Records contained in a dataset
-------

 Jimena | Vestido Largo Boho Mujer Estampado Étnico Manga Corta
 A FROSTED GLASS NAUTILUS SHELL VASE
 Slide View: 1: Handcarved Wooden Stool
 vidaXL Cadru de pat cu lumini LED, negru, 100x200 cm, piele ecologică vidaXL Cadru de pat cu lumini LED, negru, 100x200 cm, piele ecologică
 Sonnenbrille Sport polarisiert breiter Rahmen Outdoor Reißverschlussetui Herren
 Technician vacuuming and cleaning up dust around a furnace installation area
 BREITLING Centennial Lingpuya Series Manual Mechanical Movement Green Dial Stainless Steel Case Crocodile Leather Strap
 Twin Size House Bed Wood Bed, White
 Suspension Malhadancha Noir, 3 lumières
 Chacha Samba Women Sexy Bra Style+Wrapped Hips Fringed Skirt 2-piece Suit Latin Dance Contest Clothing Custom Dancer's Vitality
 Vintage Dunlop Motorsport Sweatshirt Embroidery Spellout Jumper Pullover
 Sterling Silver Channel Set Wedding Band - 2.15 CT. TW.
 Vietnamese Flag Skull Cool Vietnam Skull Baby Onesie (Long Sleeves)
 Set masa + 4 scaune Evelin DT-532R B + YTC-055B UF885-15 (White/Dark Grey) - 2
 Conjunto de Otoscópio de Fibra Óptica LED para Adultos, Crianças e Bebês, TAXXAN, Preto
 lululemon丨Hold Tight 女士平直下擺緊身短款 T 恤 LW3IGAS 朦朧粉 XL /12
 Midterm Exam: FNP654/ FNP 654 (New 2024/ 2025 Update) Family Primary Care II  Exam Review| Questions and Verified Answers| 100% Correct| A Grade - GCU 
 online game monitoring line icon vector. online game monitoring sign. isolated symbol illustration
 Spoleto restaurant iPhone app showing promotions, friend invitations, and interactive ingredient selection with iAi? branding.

-------

Copy whichever lines of the records above contain the word "White".

WRITTEN RESPONSE
 Twin Size House Bed Wood Bed, White
 Set masa + 4 scaune Evelin DT-532R B + YTC-055B UF885-15 (White/Dark Grey) - 2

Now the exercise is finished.